One end of the reef at Hā‘ena.

The reefs of Hā‘ena are known for their great productivity and abundance. While much of that pertains to fishing, the reefs also provided a range of gathered foods: octopus (he‘e), sea urchins (wana), lobster (ula), kūhonu crab, seaweeds (limu) and various small shells and limpets such as pipi‘i, hā‘uke‘uke, and ‘opihi.

Presley describes experiencing the bounty of the reef: “I don’t know, when you’re a kid, now I just wonder if that was my imagination. My uncles were fishing every day because that was part of the deal where you had the family reunion. You know you going to eat, right? And we eat fish and poi.

“One particular morning I went with my uncle and we went early in the morning out from Kē‘ē, this was like 6:00 o’clock. He used to leave his boat right at Kē‘ē, and blast on to the coast and by 8:30 in the morning, we were back on the beach at Kē‘ē before the wind came up. And we had the whole variety, just amazing what he was doing. Pounding ‘opihi. I was like eight or ten years old. I could drive the boat. My Uncle said, ‘You go over here.’ ‘Yup.’ ‘You can swim, right?’ ‘Yup.’”

“But I was getting really frightened and just in awe: he’s pounding ‘opihi and the waves are hitting him. He’d swim back to the boat, ‘Stay in the boat, watch for me...okay go over there, stay right here, stay right here,’ and he’d drop the anchor and ‘Stay on the boat, watch for me.’ He would dive and come up with lobster, throw them on board. ‘Okay, then go over here. When I tell you to throw, just come back, don’t go outside.’ He would throw his net and catch his moi, he had the whole mixed bag. They were my heroes. My Uncle Barlow in particular. Barlow Chu was a famous fisherman.”

“Rachel Mahuiki, who was the tutu of all of the current Chandlers, was quite an interesting lady,” Makaala recalls. “If you walked with her on the reef, she had two canes because she had trouble with her legs from diabetes over the years, so she was supposed to use the canes for walking. But she used them to pick sea urchins, to pick wana. And to toss them between her two sticks to take the spines off, while standing on the reef with the waves washing over her, on legs that weren’t supposed to hold her upright! It was extraordinary.

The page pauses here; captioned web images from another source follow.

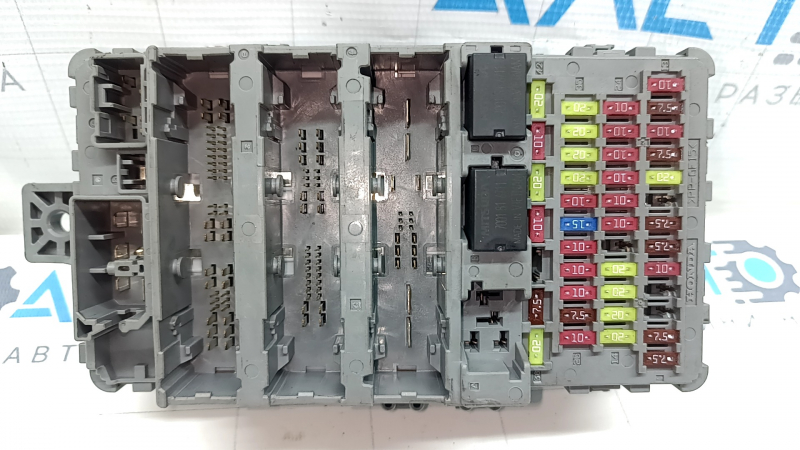 Блок предохранителей подторпедный Honda Accord 13-17 hybrid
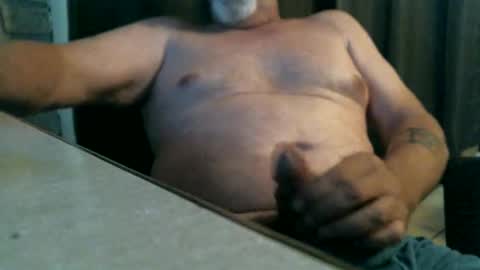 Snapshot of azjohnny chatting on 8, 11, 2025 azjohnny online show from 8, 11, 2025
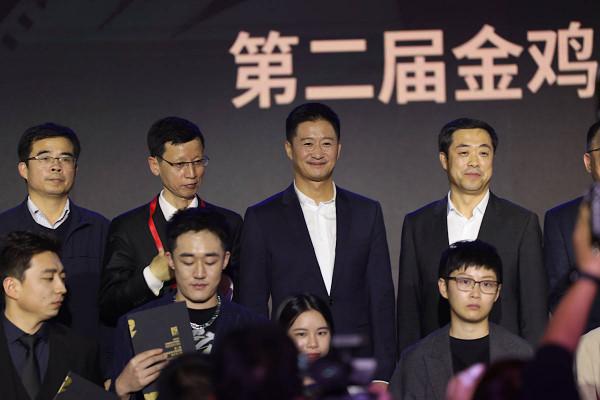 吳京當主席為青年導演評獎頒獎：中國電影的未來一定是屬於你們的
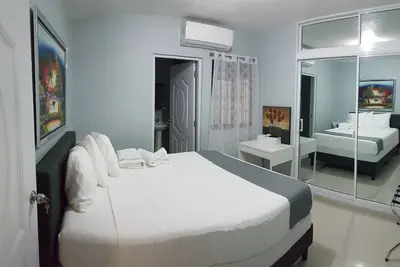 Image de Authentic Dr Cozy 3br House Steps from Supermarket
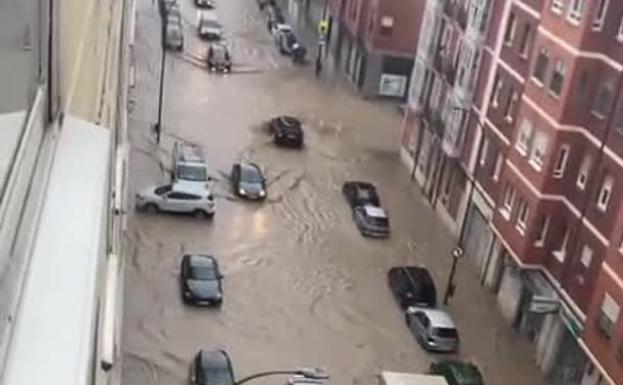 La tromba de agua ha dejado algunas calles completamente anegadas.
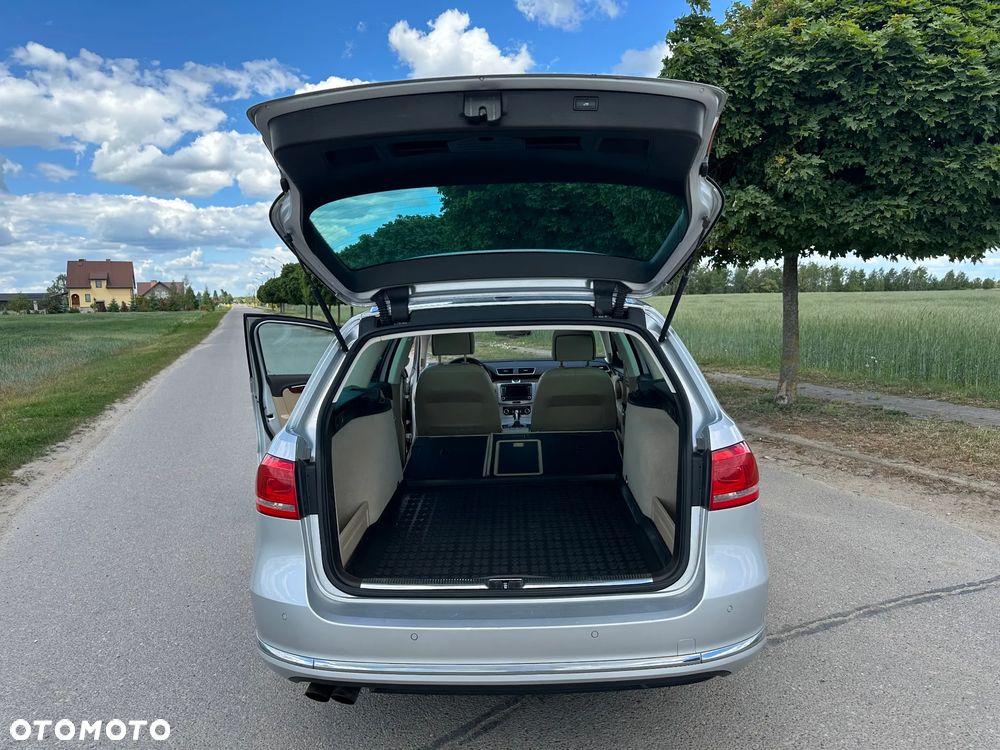 Volkswagen Passat 2.0 TDI DSG BlueMotion Technology Highline - 9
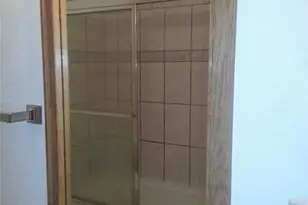 2500 Illinois Ave, South Gate, CA 90280 - Photo 9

“And then at the same time she would take one of the sticks and show you ‘That’s the front door of the octopus house.’ And then she’d say ‘Go about twelve or fifteen feet over there and I’ll tell you when to stop.’ I’d go trundling across the reef. And she’d say ‘There! and that’s his back door.’ She knew not only every hole, but every front and back door.

“She was very knowledgeable about how to obtain food supply from the reef,” Samson agrees, talking about his mother. “She was cracker jack with the loli, with the wana, the pukas [holes], how to use them."


Samson explains more about his mother and catching octopus (“squidding”):
“This is the secret: the generation before, and the people that grew up with them, tell us, certain areas are safe for you. From here, from the shoreline to so many feet out, it’s safe, no more eel. And it’s been proven all where these guys live.” Knowing where to avoid the eels was important for fishing on the reef, since it often involved reaching (hāhā) into pukas (holes) in the reef where both fish and eels like to hide.

“He‘e, that’s her skill, that,” Samson continues. “See, plenty guys wanted to beat her. But if you not too good, the best thing you gonna do for anybody, if you not cannot see good, is go walk in front, go walk all over, because if the squid never move, and if you had spook ‘em, and you cannot see ‘em, you not going pick ‘em up. But because you don’t spook ‘em, any movement they made—cause it covered himself with either pebble or sand—any movement they make going get somebody attention, eh? So one trained-eye people, then the whole time, this guy picking everything up, but just because of that, they know what they looking for. You don’t have to see the squid, you look for telltale signs. So that’s the trouble with one guy who cannot tell telltale signs—jam ‘em up. You setting em up for the squid man—the next guy! So if you only can see, then your gone.”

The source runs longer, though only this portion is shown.